What to produce
An exact copy of every entry below is required, and no picture may appear in it.

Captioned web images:
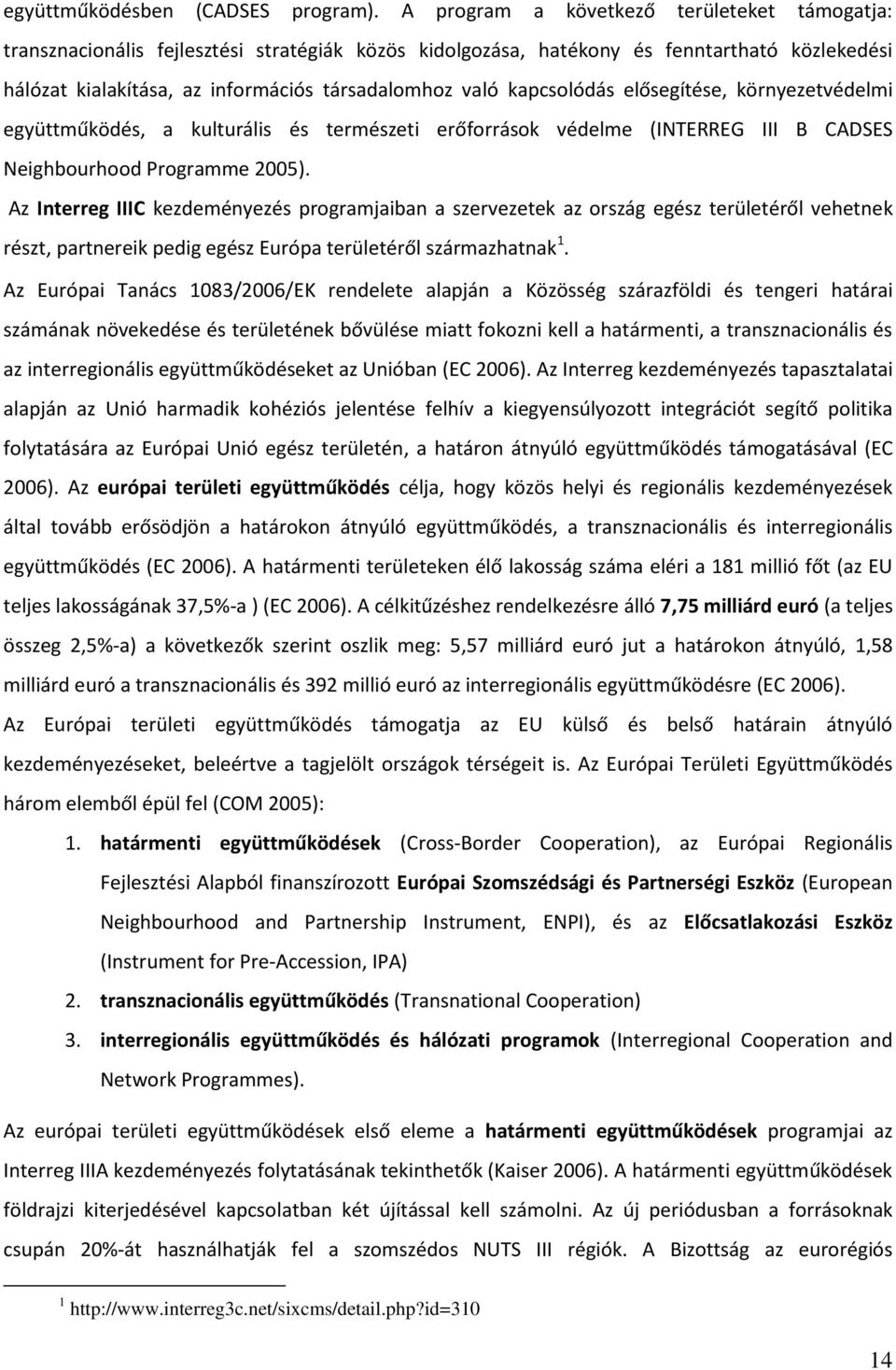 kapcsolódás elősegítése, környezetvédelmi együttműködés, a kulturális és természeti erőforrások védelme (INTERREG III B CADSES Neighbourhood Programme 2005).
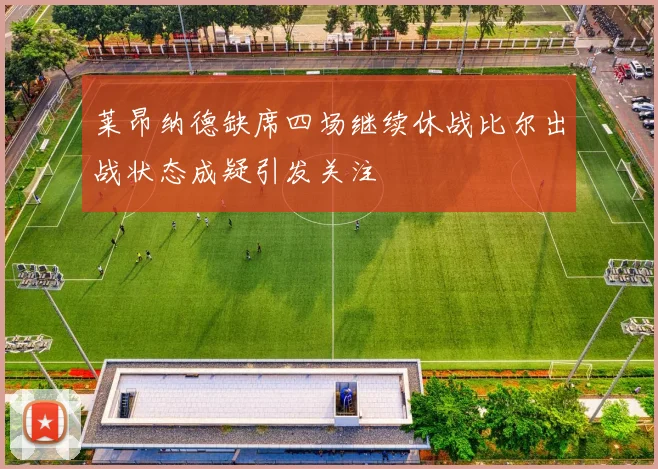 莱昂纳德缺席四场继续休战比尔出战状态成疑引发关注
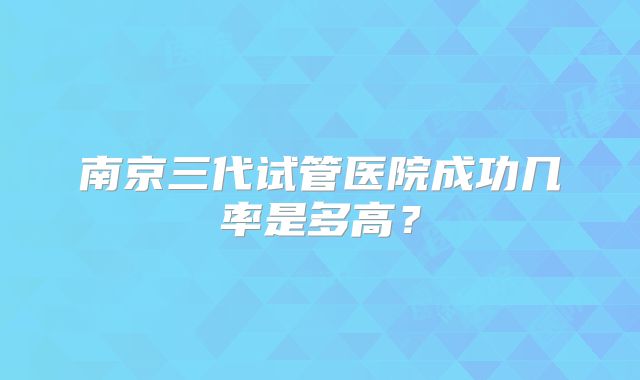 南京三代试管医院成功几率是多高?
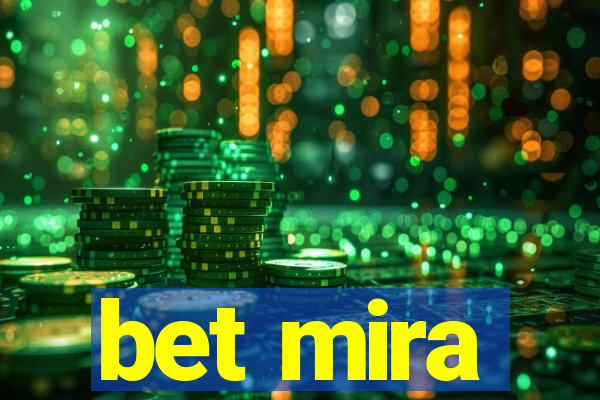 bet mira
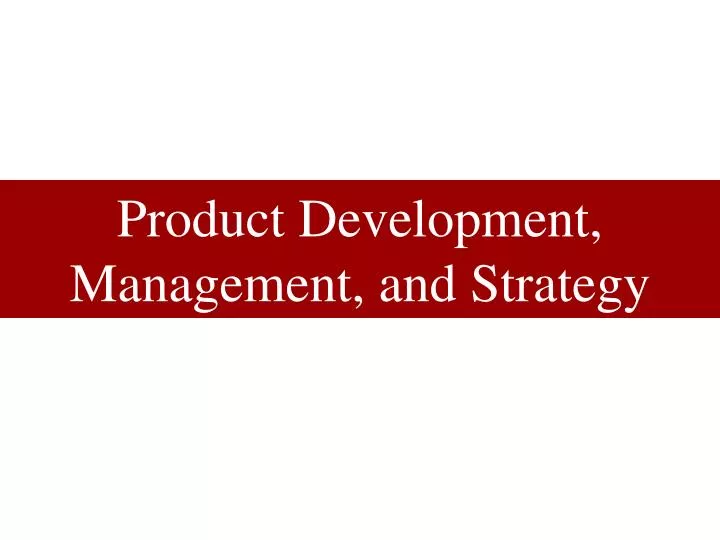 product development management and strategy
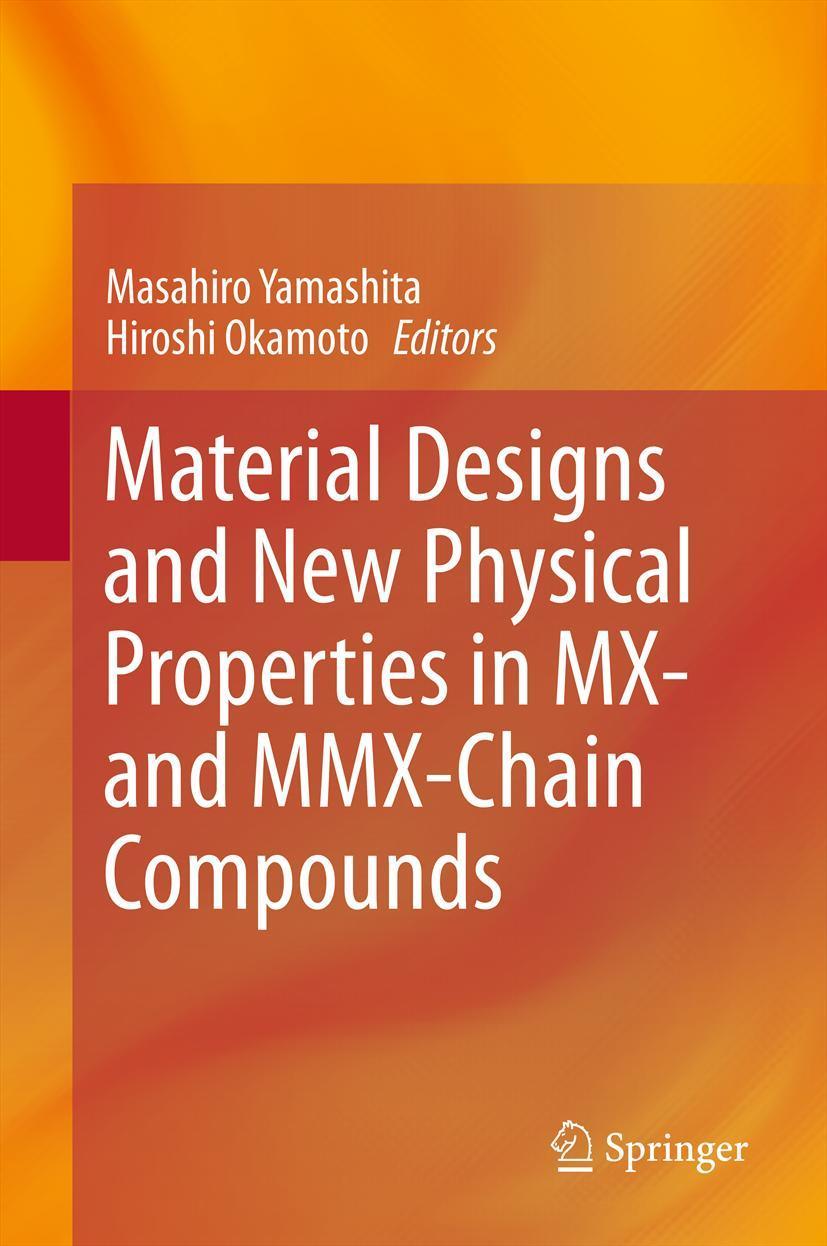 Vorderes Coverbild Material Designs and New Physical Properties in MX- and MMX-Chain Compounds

Response to the exercise
 kapcsolódás elősegítése, környezetvédelmi együttműködés, a kulturális és természeti erőforrások védelme (INTERREG III B CADSES Neighbourhood Programme 2005).
 莱昂纳德缺席四场继续休战比尔出战状态成疑引发关注
 南京三代试管医院成功几率是多高?
 bet mira
 product development management and strategy
 Vorderes Coverbild Material Designs and New Physical Properties in MX- and MMX-Chain Compounds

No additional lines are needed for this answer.